Mark Edmundson, a professor of English at the University of Virginia, has stepped outside the academy and delivered a damning critique of his profession. He wants his fellow literature profs to give up “readings” of works of literary art. Ignore Marx’s, Freud’s, Foucault’s, or Derrida’s points of view: “just read the books.”
He says the tomes that he and his professors of literature tend to write are admirable in many ways. They are full of learning, hard work, honesty, and intelligence that sometimes, in their way, touches of brilliance.
But they are also, at least in my judgment, usually unreadable. They are composed as performances. They are meant to show, and often to show off, the prowess of the author. They could not conceivably be meant to provide spiritual or intellectual nourishment. No one could read a representative instance of such writing and decide based on it to change her life. Our books are not written from love, but from need. He goes on to state:
I think that it is possible to write books and essays in behalf of literature that will demonstrate its powers of renovation and inquire into the limits of those powers. Such books can and should be inspiring not only to members of the profession but to educated (or self-educated) and curious members of the general public who are willing to do some hard intellectual work. As a profession, our standing in and impact upon society beyond our classrooms now is minuscule. Yet we are copiously stocked with superb talent: Some of the best young minds in America continue to be drawn to the graduate study of literature. But unless we as a profession change our ways and stop seeking respectability and institutional standing at the expense of genuine human impact, they are destined, as Tennyson has it, to rust unburnished, and that’s a sorry fate for them and for all of us.

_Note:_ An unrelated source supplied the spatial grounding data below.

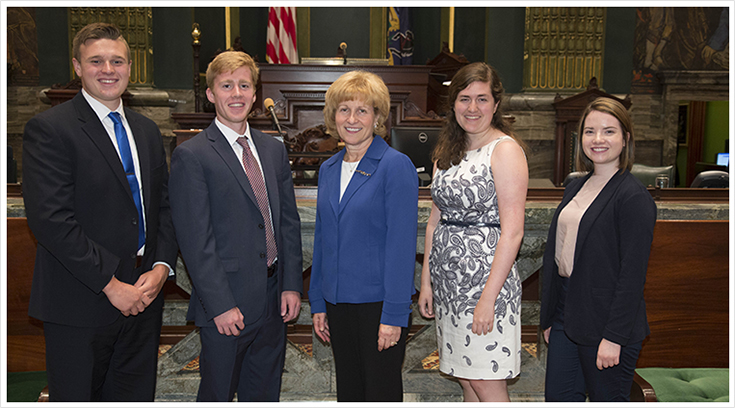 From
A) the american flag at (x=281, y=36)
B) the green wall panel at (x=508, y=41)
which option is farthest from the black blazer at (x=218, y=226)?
the green wall panel at (x=508, y=41)

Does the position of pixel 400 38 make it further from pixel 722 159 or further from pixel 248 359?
pixel 722 159

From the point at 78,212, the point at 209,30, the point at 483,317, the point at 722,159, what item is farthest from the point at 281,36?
the point at 722,159

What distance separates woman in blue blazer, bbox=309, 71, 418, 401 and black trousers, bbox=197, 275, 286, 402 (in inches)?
8.3

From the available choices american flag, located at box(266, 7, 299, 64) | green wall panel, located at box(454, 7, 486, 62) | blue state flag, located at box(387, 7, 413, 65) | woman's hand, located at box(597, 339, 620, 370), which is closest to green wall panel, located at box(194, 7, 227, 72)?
american flag, located at box(266, 7, 299, 64)

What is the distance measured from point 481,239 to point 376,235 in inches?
14.1

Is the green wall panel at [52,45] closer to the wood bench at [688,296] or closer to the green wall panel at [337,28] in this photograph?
the green wall panel at [337,28]

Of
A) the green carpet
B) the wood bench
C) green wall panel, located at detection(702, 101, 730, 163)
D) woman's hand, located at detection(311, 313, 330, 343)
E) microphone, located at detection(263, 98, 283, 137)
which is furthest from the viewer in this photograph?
green wall panel, located at detection(702, 101, 730, 163)

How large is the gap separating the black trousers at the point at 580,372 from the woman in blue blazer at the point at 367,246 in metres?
0.55

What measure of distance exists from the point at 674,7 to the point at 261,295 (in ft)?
28.4

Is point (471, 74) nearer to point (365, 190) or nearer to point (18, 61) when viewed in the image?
point (365, 190)

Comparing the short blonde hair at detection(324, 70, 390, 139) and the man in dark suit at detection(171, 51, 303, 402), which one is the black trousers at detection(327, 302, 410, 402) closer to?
the man in dark suit at detection(171, 51, 303, 402)

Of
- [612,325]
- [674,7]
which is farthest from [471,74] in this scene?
[674,7]

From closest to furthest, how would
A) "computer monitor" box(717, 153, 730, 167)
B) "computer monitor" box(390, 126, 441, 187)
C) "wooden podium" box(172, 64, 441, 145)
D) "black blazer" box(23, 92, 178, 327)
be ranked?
1. "black blazer" box(23, 92, 178, 327)
2. "computer monitor" box(390, 126, 441, 187)
3. "wooden podium" box(172, 64, 441, 145)
4. "computer monitor" box(717, 153, 730, 167)

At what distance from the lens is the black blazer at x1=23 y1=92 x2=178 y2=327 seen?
1.47m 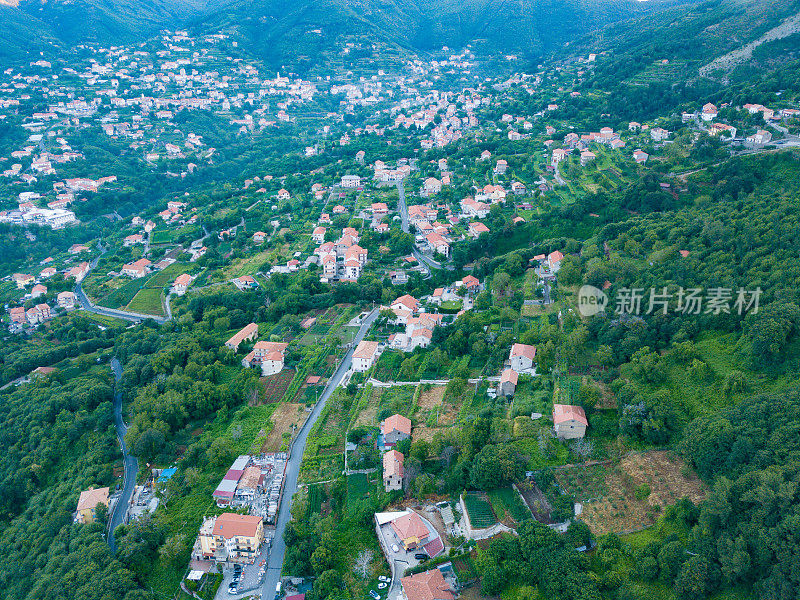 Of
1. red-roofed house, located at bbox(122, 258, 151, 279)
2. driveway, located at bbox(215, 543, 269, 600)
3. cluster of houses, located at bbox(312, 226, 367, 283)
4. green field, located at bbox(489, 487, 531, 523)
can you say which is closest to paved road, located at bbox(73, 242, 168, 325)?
red-roofed house, located at bbox(122, 258, 151, 279)

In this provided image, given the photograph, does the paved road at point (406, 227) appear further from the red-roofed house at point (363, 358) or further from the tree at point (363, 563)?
the tree at point (363, 563)

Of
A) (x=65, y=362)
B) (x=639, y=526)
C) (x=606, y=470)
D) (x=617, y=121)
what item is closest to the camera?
(x=639, y=526)

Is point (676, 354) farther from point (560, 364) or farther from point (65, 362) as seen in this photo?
point (65, 362)

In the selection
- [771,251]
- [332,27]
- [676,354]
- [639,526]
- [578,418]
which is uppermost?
[332,27]

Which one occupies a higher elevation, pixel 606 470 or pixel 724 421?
pixel 724 421

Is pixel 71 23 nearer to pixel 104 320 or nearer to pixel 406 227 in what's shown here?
pixel 104 320

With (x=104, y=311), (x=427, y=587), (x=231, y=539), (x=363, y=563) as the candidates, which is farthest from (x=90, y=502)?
(x=104, y=311)

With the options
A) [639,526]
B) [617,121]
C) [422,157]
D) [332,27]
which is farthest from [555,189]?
[332,27]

One must admit that it’s possible to develop too exalted a sense of the transforming powers of literature and the other arts. What worked for me and you and you may not have a universal application. It’s probable that most people will be relatively content to live within the ethical and conceptual world that their parents and their society pass on to them. Burke and Johnson thought of common-sense opinion as a great repository of wisdom stored through the ages, augmented and revised through experience, trial and error, until it became in time the treasure of humanity.
Perhaps the conservative sages were right. But there will always be individuals who cannot live entirely by the standard dispensation and who require something better — or at least something else. This group may be small (though I think it larger than most imagine), but its members need what great writing can bring them very badly indeed. We professors of literature hold the key to the warehouse where the loaves lie fresh and steaming, while outside people hunger for them, sometimes dangerously. We ought to do all we can to open the doors and dispense the bread: We should see how far it’ll go.